(Crawled caption data)
○ ○ ○

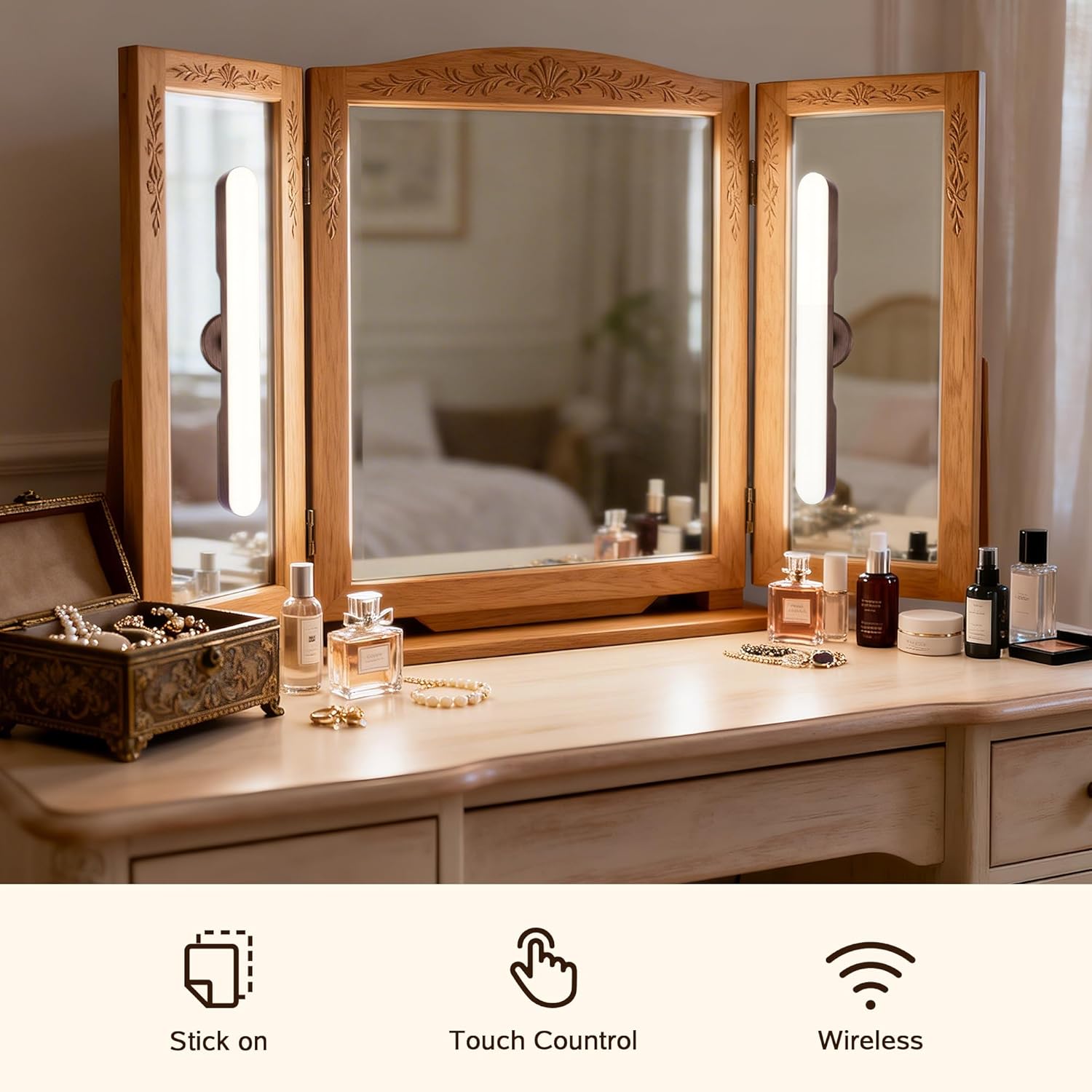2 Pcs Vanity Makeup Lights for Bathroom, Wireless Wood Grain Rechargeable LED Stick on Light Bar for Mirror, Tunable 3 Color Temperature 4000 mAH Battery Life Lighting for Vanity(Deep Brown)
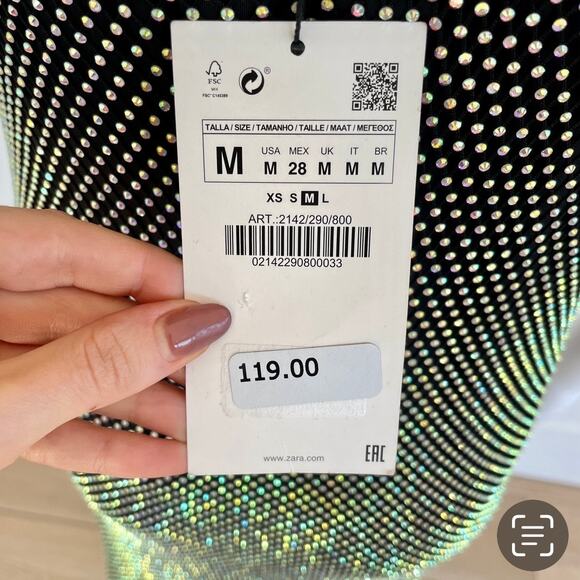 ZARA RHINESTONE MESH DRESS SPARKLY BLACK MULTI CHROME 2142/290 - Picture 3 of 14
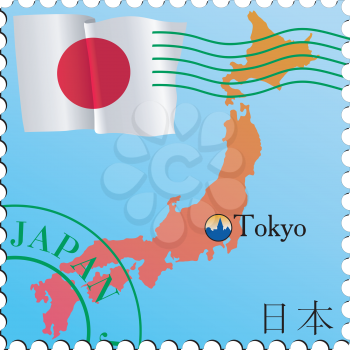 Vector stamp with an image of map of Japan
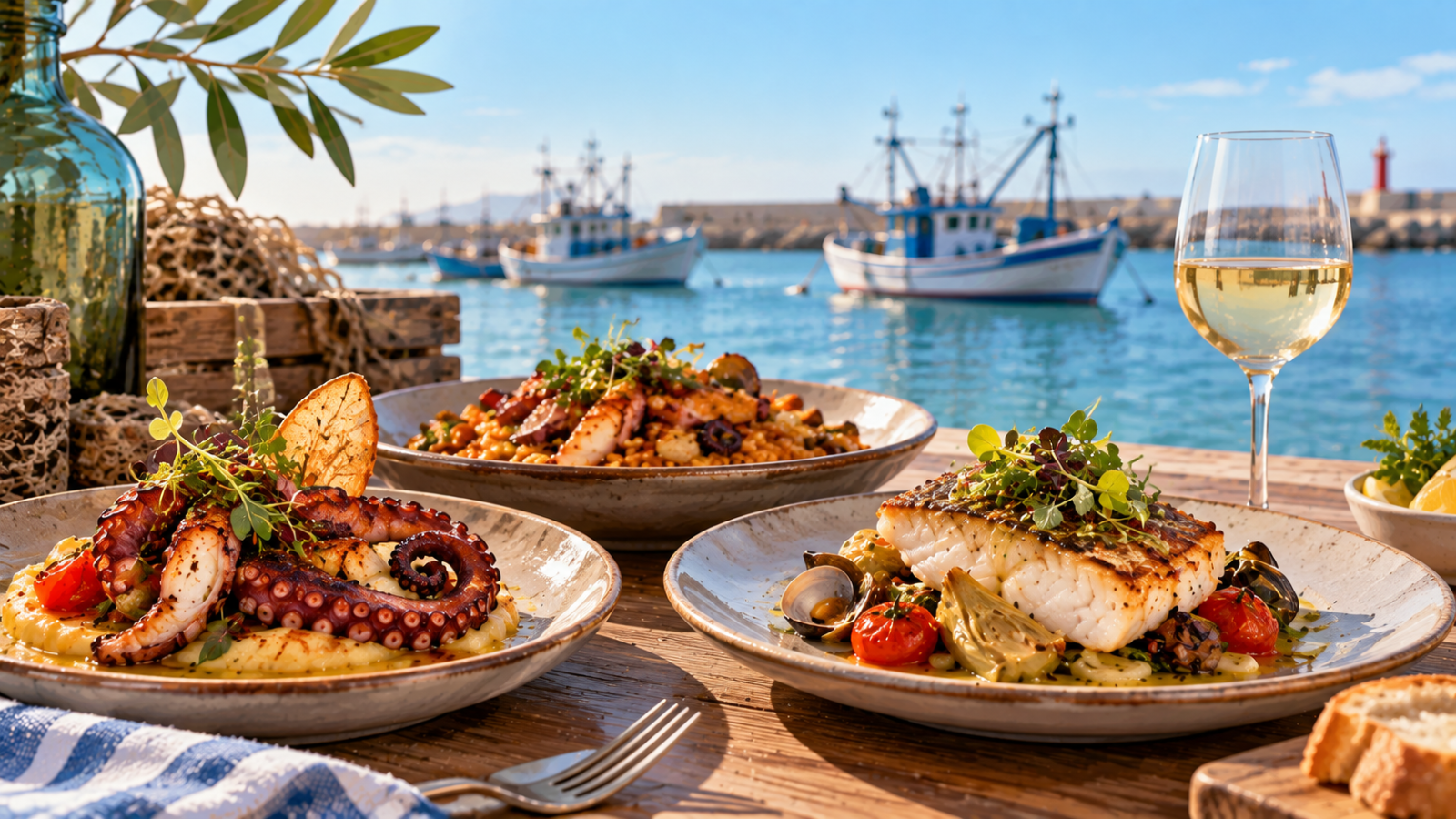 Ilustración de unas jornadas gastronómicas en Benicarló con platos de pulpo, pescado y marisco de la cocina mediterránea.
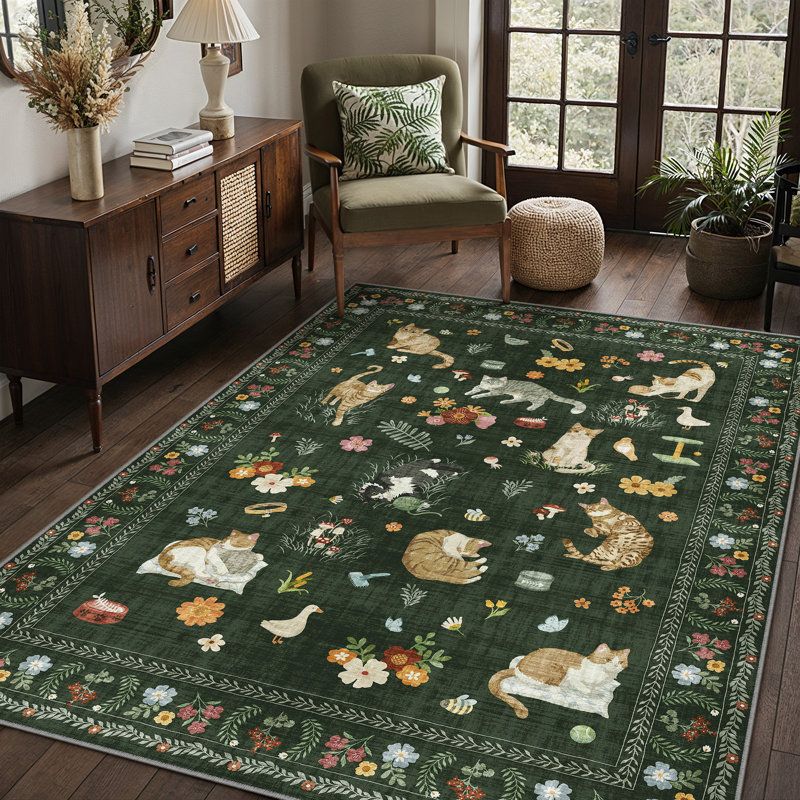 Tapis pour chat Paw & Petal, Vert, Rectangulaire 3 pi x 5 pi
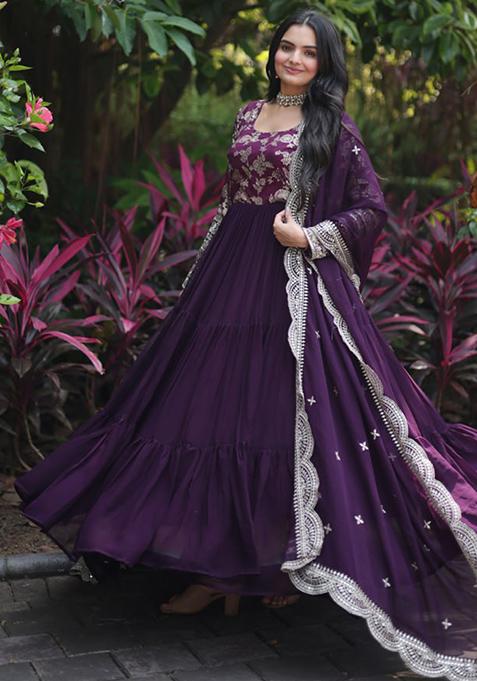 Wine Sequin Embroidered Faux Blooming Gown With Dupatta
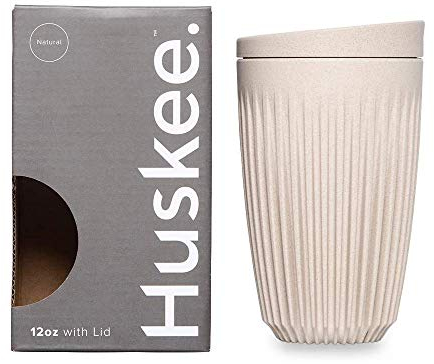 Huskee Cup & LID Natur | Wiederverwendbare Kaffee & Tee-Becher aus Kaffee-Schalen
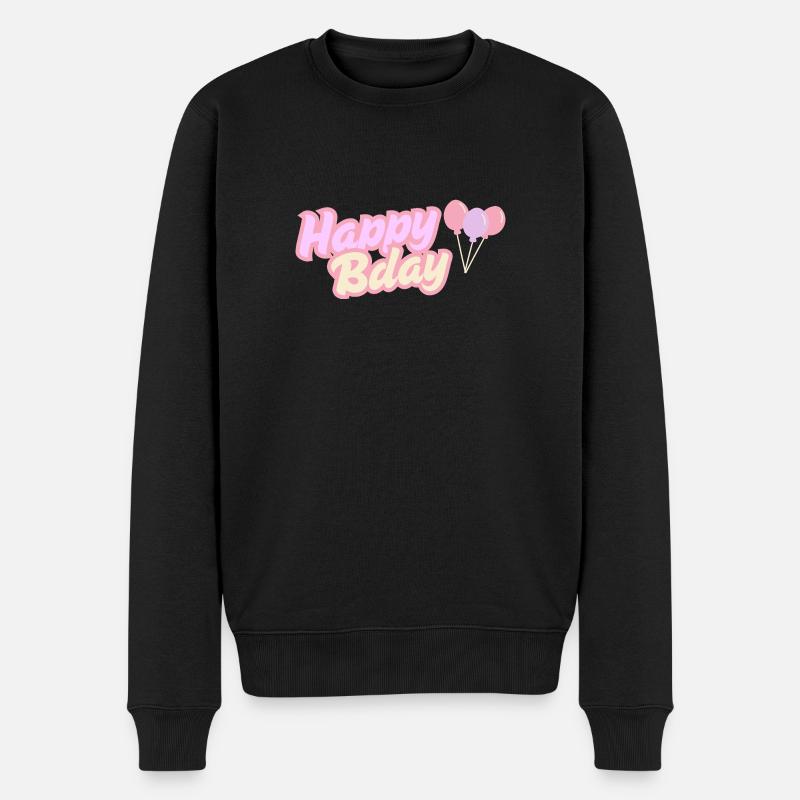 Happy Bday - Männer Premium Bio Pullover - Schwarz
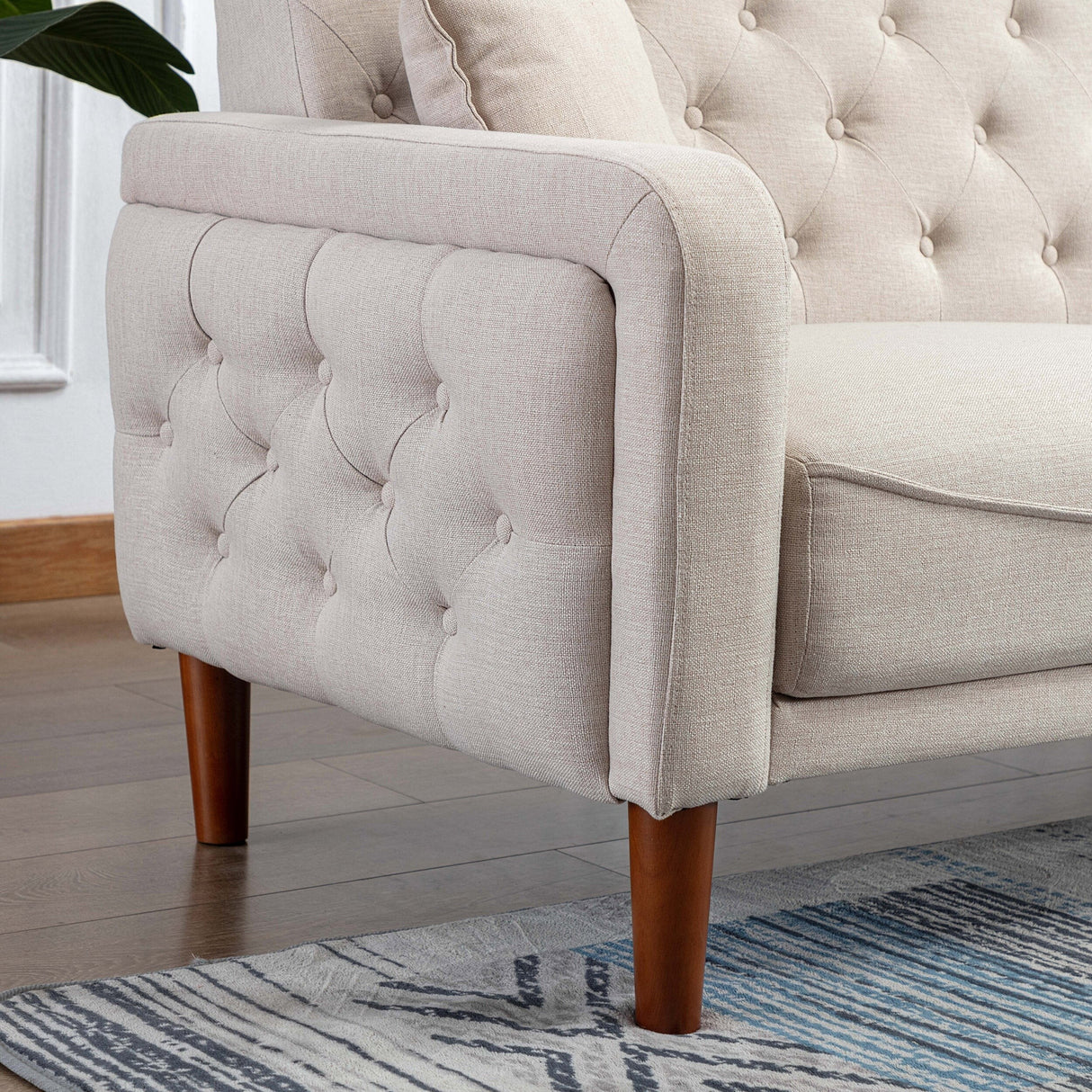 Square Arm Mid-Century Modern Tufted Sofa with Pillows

○ ○ ○

### GOAL OF THE EXERCISE
Give back, word for word, the lines from the one with "Huskee Cup &" to the end of the records above, and no pictures.

### WRITTEN SOLUTION
 Huskee Cup & LID Natur | Wiederverwendbare Kaffee & Tee-Becher aus Kaffee-Schalen
 Happy Bday - Männer Premium Bio Pullover - Schwarz
 Square Arm Mid-Century Modern Tufted Sofa with Pillows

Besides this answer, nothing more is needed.